Exercise prompt:
Copy exactly, no pictures: every line from the one that contains "Kanwil Kemenkumham Sulsel" through the end of the entries below.
- - -
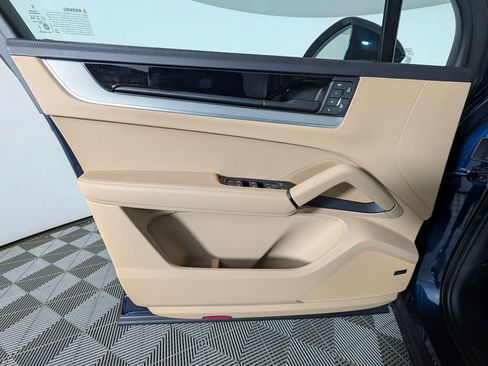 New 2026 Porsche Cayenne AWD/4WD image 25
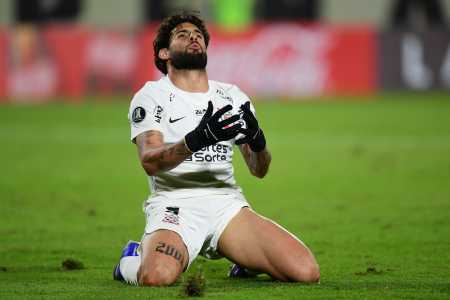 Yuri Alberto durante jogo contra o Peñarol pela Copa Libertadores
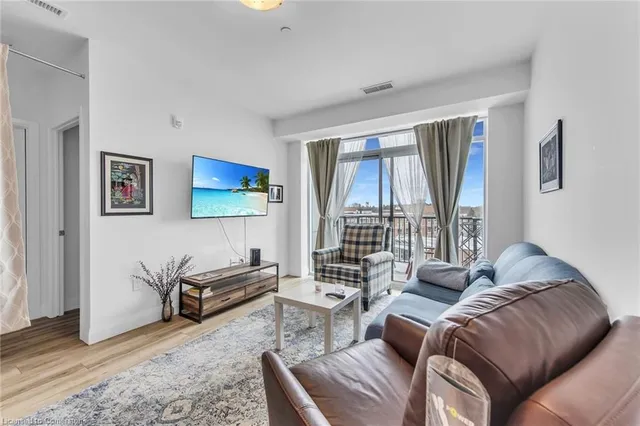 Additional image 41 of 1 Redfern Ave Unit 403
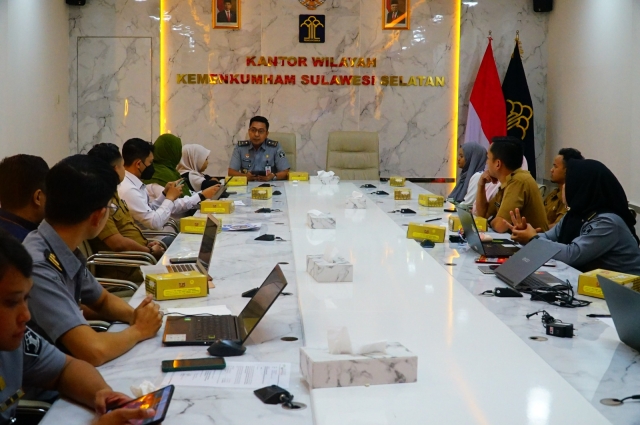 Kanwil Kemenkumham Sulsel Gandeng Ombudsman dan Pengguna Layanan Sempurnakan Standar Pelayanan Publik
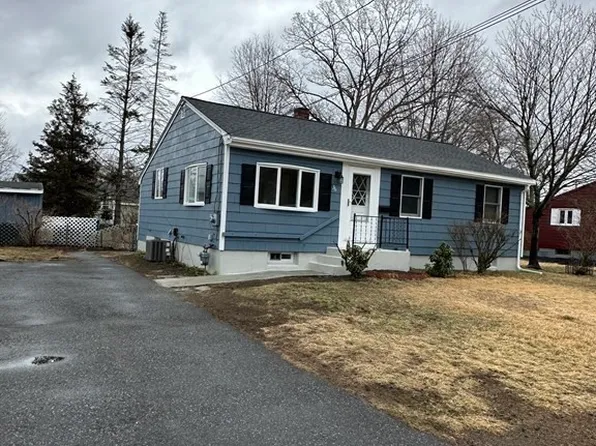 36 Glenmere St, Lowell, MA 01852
- - -
Written solution:
 Kanwil Kemenkumham Sulsel Gandeng Ombudsman dan Pengguna Layanan Sempurnakan Standar Pelayanan Publik
 36 Glenmere St, Lowell, MA 01852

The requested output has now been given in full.